Per cercare di capire cosa è successo bisogna prima riavvolgere il nastro di qualche decennio e comprendere il ruolo delle due agenzie educative con la crisi che le stesse stanno attraversando. È innegabile il fatto che la famiglia(comunità ristretta) è stata messa a dura prova già dal lontano ’68, quando venne contestata e ritenuta responsabile di ogni nefandezza. In seguito il nucleo familiare si è svuotato, almeno di giorno, perché entrambi i genitori lavorano.

Il moltiplicarsi di separazioni e divorzi ha fatto il resto. Sono naturalmente intervenuti altri fattori (es. denatalità, riconoscimento di forme alternative di convivenza…) ma ciò che ora preme riconoscere è che lo studente in DAD soggiornerà in una casa vuota, o alla presenza di estranei che non comunicano tra loro, passando così bruscamente dalla scuola (comunità allargata) alla famiglia “disabitata” (comunità ristretta).

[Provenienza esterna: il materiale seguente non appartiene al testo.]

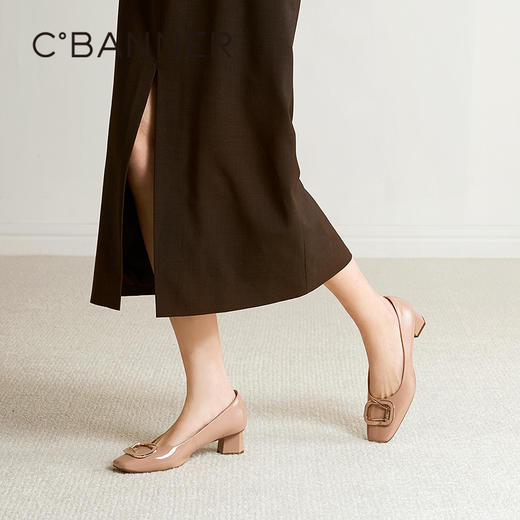 【静音系列】千百度扣饰粗高跟鞋女2026春季新款漆皮通勤浅口单鞋A26189806 商品图2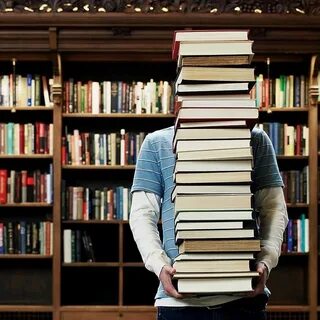 В библиотеке читателю предложили на выбор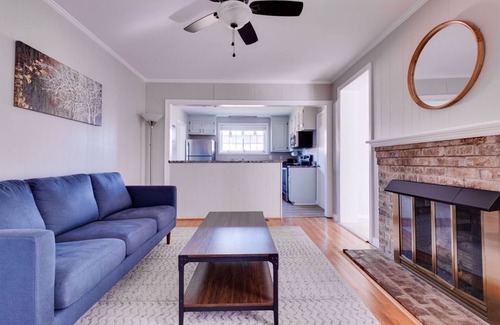Richmond Casa | Beautiful, cozy ranch home! Private backyard!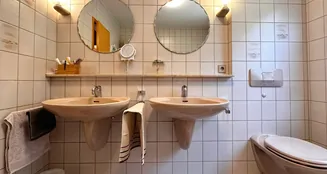 von_poll_real_estate_property_25296019_image_19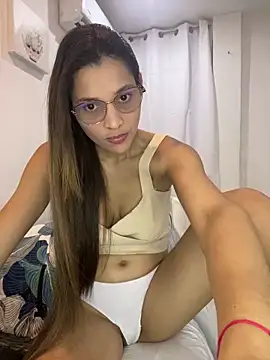 Snapshot of Belissa_miller chatting on February 19, 2025, 7:48 pm Belissa miller online show from February 19, 2025, 7:48 pm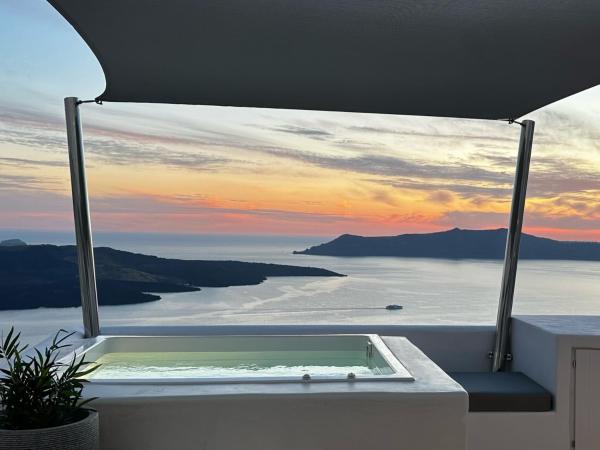 Dagaz Suites : photo 7 de la chambre honeymoon suite with caldera view (indoor & outdoor hot tub)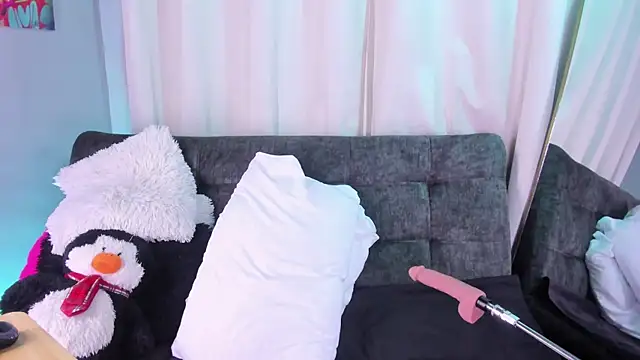 Snapshot of BonnieRitz chatting on December 4, 11:41 am BonnieRitz online show from December 4, 11:41 am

In altre parole esperirà una situazione di solitudine e abbandono, mai conosciute prima, nel momento di massima fragilità quale è l’adolescenza. La pandemia ha così operato il brusco risveglio delle nuove generazioni, sottraendo loro al contempo le due agenzie educative. Queste avevano peraltro cominciato a confliggere immemori del compito loro spettante di educare ed erudire i ragazzi. Una situazione disastrosa, ancora sottotraccia, che non vede la fine e sembra gravare più che mai sulla classe docente che, sebbene vituperata, malpagata e maltrattata, offre l’unico riferimento adeguato ai giovani nel crescere quotidiano. Da par suo la famiglia ha perso “componenti” con la denatalità (scomparsa delle famiglie numerose), ha perso credibilità e infine ha abdicato al proprio ruolo di primo educatore responsabile al vivere civile e comunitario.

Un compito altamente impegnativo di cui oggi nessuno sembra essere all’altezza, ma non resta che applicarsi e sperare.